= Beginning of Section =
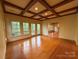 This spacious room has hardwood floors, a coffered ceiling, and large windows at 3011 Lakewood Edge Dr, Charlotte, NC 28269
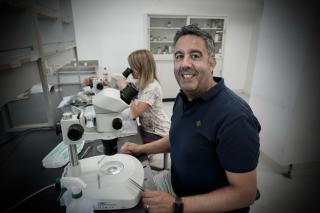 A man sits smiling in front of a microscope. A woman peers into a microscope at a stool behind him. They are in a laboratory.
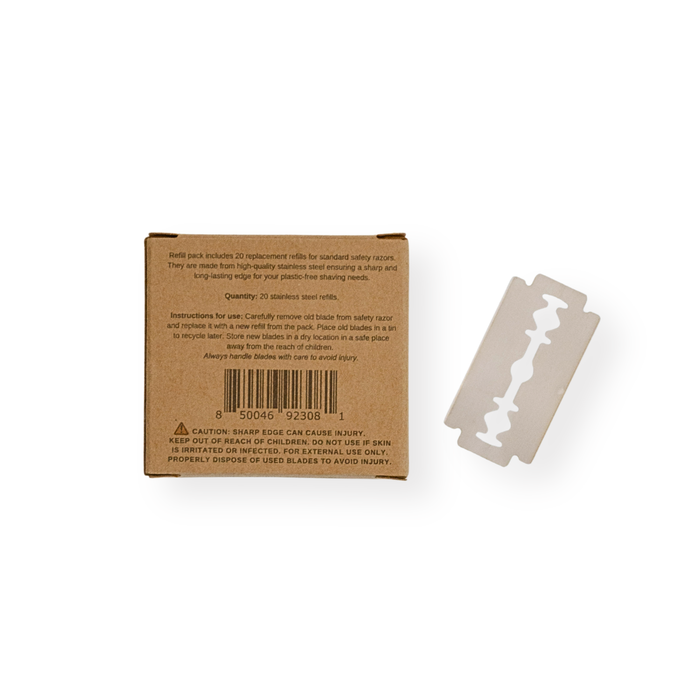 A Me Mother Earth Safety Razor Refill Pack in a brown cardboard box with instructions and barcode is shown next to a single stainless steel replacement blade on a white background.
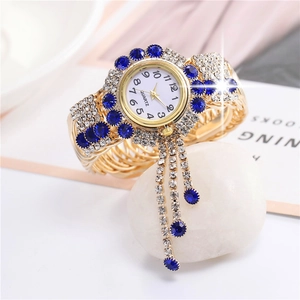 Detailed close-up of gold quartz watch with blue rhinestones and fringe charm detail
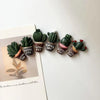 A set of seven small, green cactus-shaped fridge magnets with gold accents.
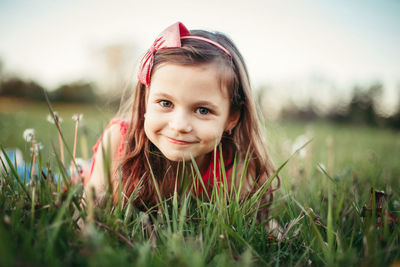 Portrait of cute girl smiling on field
= End of Section =
= Beginning of Section =
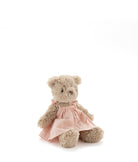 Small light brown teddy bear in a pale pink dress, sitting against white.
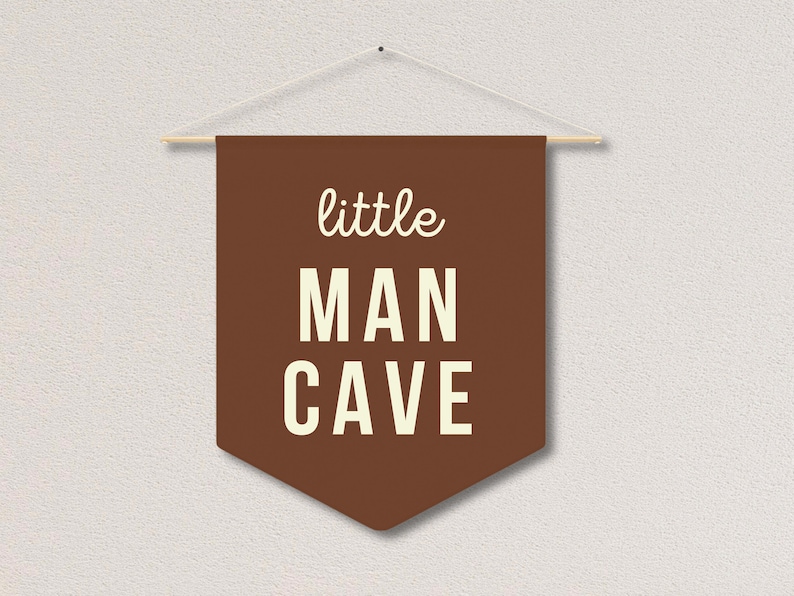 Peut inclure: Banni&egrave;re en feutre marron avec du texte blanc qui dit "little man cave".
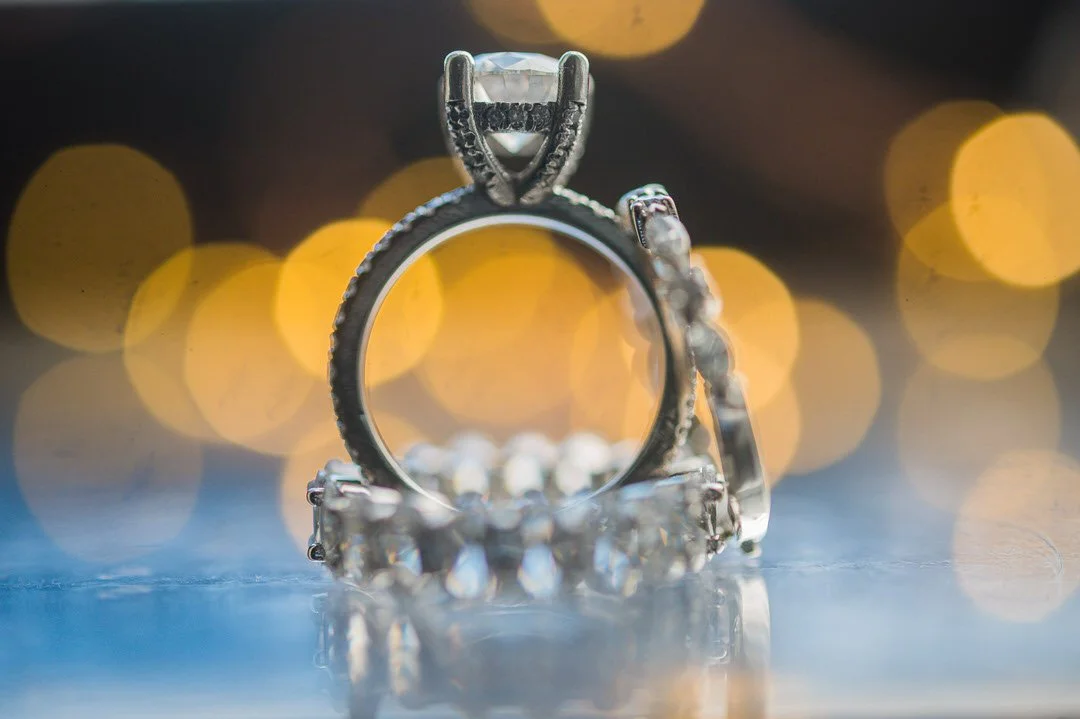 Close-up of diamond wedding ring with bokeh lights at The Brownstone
= End of Section =
### [TASK TO COMPLETE]
Everything between and including the line above containing "Small light brown" and the line containing "Close-up of diamond" should be reproduced exactly, with pictures excluded.

### [SOLUTION TO THIS TASK]
 Small light brown teddy bear in a pale pink dress, sitting against white.
 Peut inclure: Banni&egrave;re en feutre marron avec du texte blanc qui dit "little man cave".
 Close-up of diamond wedding ring with bokeh lights at The Brownstone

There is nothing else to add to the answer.